Prioritizing strictly by deadline eliminates emotional sabotage in the form of “I don’t feel like doing that” or “But X would be easier than Y” or “I just like the person who asked for this more than I like the person who asked for that.”
(Oh, please. You know exactly what—and who—I’m talking about.)
It’s not that these aren’t valid ways to decide how you approach your to-do list, but in my experience, they are ripe for corruption. You wind up doing three non-urgent things just because they’re easier, and then running out of time for the thing you should have been doing. Oopsie.
Whereas the Must-Do Method reduces everything to brass tacks. You look dispassionately at your list, and you arrange it by due date and nothing more.
The result of separating what truly must get done first from all the other shit you have to do eventually is…A MUCH SHORTER LIST.
Which is automatically…LESS OVERWHELMING.
You love to see it.
And if your problem is procrastination—of all tasks—the MDM helps you there too. You’re literally supposed to find things to put off until tomorrow! Turning your to-do list into a must-do list is productive procrastination at its finest. Enjoy.
(And if adhering to this method shortens your list so much that you actually have a bunch of free time on your hands, sure, you can start on the next most-urgent round of tasks. It’s nice to get ahead! But you don’t have to, because you already did the stuff you MUST DO today. Have a nap. Or a cocktail. Or both.)
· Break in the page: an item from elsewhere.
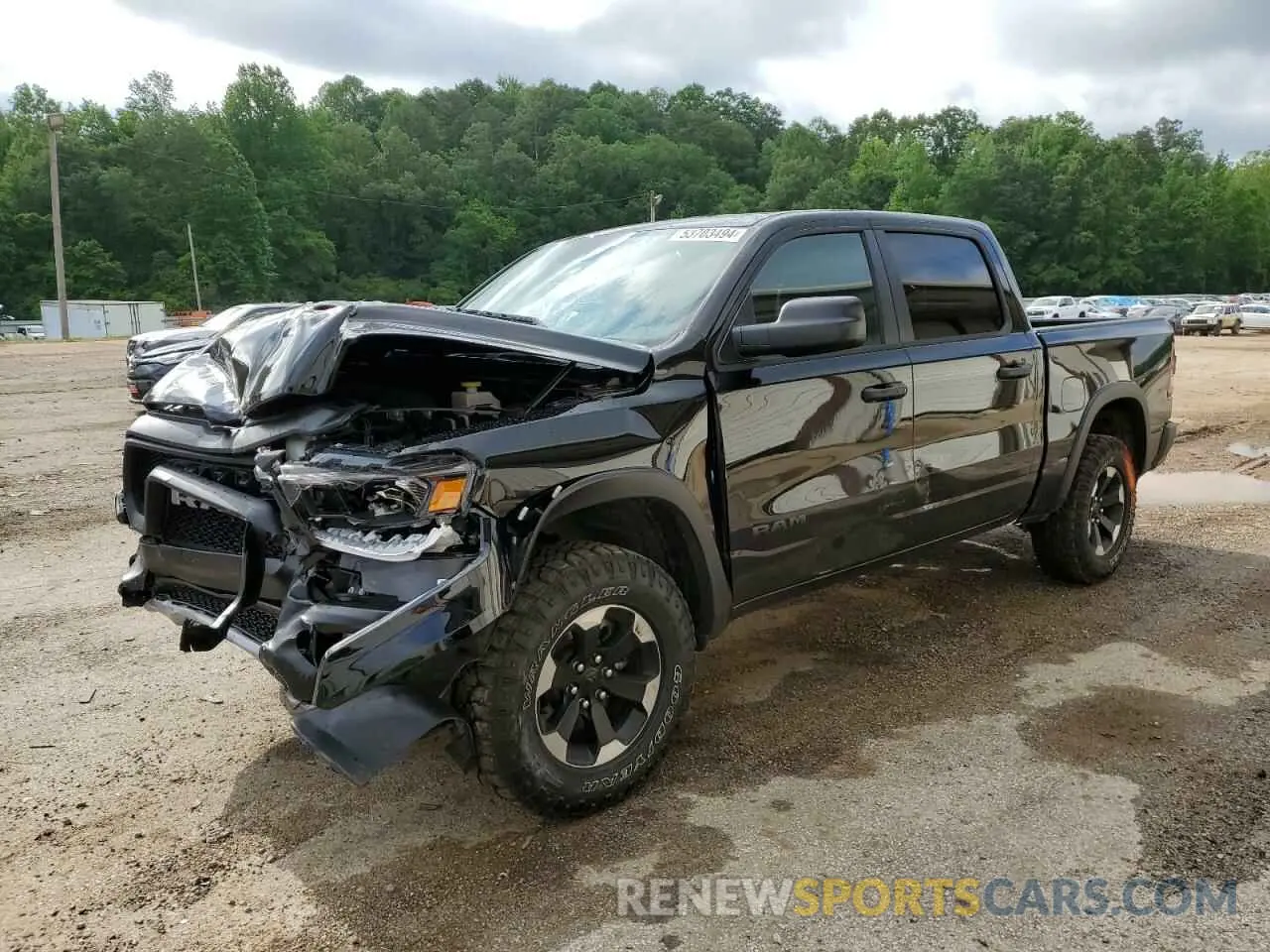 1 Photograph of a damaged car 1C6SRFLT0RN162662 RAM 1500 2024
Back when I worked in an office, I would employ the Must-Do Method with a physical list on an old-fashioned notepad. On that pad, I kept my running to-do list—everything that popped up on any given day.
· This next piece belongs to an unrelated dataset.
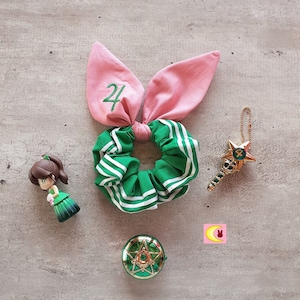 May include: A selection of accessories including a green and white scrunchie with pink bunny ears, a gold star wand, a green compact, a figurine, and a pink logo with a crescent moon and bunny.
But at the end of each workday, I would scan that list and transfer only the most urgent tasks—the ones that needed to be accomplished first—to a fresh piece of paper.
This became my “must-do” list for the following day.
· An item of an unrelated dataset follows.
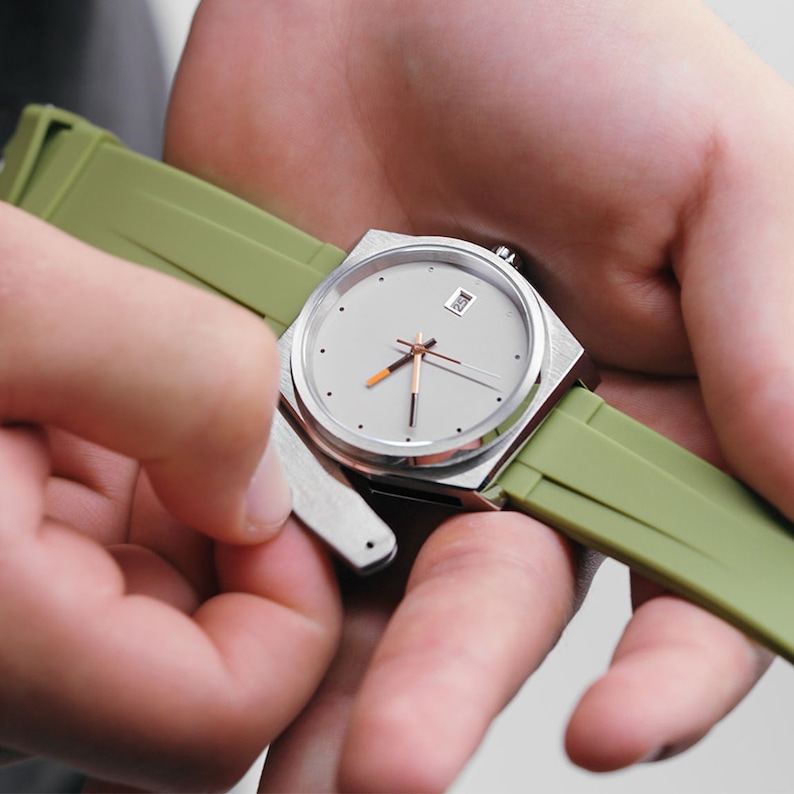May include: A silver watch with a white face and a green strap. The watch has a date window at the 3 o'clock position.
Then when I showed up at my desk the next morning, I automatically had a more manageable list to attack, which made it both easier to face the day and also much more likely that I would indeed finish everything I needed to do, having significantly narrowed my focus.
And I was able to occasionally slot in last-minute, suddenly-more-urgent-than-anything-else tasks precisely because I had more breathing room in my day to begin with.
(You could also do your to-do → must-do calculations in the morning on the day-of, but personally, it helps me sleep better knowing I have a plan in place the night before.)
These days, instead of a physical notepad, I use the AnyList app on my phone. (There is also a desktop version.) I keep a running to-do list that I add to as things come up or spring to mind.1 And at night in bed, I rearrange my list (now by dragging and dropping instead of transferring to a new page) to put the most urgent tasks at the top.
Those are what I’ll tackle tomorrow—no ifs, ands, or but-I-don’t-feel-like-its!
All of this is to say, if you’re feeling overwhelmed, your epic to-do list may be the problem…but not necessarily for the reason you think it is. Try rearranging it as a must-do list and see how that works out for ya. I have a good feeling about it.
Me time is a right, not a privilege
Now, let’s move on to Sally’s version of overwhelm, which she deemed in the chat “a constant problem, despite giving less fucks about things. Kids, work, home—what about me?!”